Voici maintenant pour la théorie de Thémistius[1] :

« Le grave qui se trouve en l’air n’est pas mû par son lieu naturel, c’est-à-dire par le lieu situé vers le bas, à l’aide d’une attraction, comme l’aimant meut et attire le fer. En effet, il ne faut pas s’imaginer qu’un corps puisse ainsi tirer un autre corps qui ne lui est pas attaché ; à moins cependant qu’il n’imprime dans le milieu et jusqu’à ce dernier corps une vertu ou qualité par laquelle celui-ci soit mis en mouvement ; c’est justement ce que nous dirions du fer mû vers l’aimant ; mais cela ne peut être dit dans le cas qui nous occupe, car alors, près du lieu, cette impression serait plus forte qu’au loin ; partant, le grave se mouvrait plus vite vers son lieu de près que de loin, comme il arrive pour le fer et l’aimant ; or on reconnaît que cela est faux.

» Mais, direz-vous, cet argument doit être retourné en sens contraire ; il est manifeste, en effet, que le grave qui tombe se meut d’autant plus vite qu’il approche davantage du lieu inférieur ; cela ne peut s’expliquer, semble-t-il, que parce que le lieu a, de près, une force d’attraction plus grande que de loin.

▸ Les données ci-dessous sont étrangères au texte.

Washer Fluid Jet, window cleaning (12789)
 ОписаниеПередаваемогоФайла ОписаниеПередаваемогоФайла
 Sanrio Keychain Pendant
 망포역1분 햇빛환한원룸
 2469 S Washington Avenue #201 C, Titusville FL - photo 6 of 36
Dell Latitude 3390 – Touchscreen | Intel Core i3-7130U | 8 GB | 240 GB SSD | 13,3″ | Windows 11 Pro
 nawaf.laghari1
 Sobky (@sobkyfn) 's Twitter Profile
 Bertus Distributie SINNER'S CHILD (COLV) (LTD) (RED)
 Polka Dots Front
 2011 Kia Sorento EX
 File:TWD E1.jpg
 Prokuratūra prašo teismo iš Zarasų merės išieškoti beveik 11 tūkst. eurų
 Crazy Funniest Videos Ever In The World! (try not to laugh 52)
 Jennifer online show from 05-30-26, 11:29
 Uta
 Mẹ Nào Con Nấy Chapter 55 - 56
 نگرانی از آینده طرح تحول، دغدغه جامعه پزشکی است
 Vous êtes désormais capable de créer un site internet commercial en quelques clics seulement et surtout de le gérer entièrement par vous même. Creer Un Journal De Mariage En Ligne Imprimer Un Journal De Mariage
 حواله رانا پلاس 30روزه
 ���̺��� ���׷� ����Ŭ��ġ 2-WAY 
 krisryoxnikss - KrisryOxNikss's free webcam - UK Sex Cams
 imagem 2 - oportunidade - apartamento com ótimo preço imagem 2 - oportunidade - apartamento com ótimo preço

» À cela je réponds : Toutes choses égales d’ailleurs, un grave qui est rapproché de son lieu, qui n’en est distant que de trois pieds ou de dix pieds, ne tombe pas plus vite que s’il en était éloigné de cent pieds ou de mille pieds. Qu’un homme se trouve au sommet d’une tour de Notre-Dame, et qu’il reçoive une pierre tombant de dix pieds plus haut ; il n’en éprouvera ni plus ni moins de mal que s’il était au fond d’un puits et que la même pierre lui tombât dessus d’une hauteur de dix pieds ; on voit donc que dans ce lieu-ci, qui est si bas, la pierre ne tombe pas plus vite que dans ce lieu-là, qui est si haut. Partant, il est manifeste que si un grave se meut plus vite ou plus lentement, ce n’est pas parce qu’il est plus proche ou plus éloigné du lieu inférieur. »

Cette critique reprend, en la précisant, la pensée de Richard de Middleton.

  1. Jean Buridan, loc. cit. ; éd. cit., fol. cxiiii, col. a.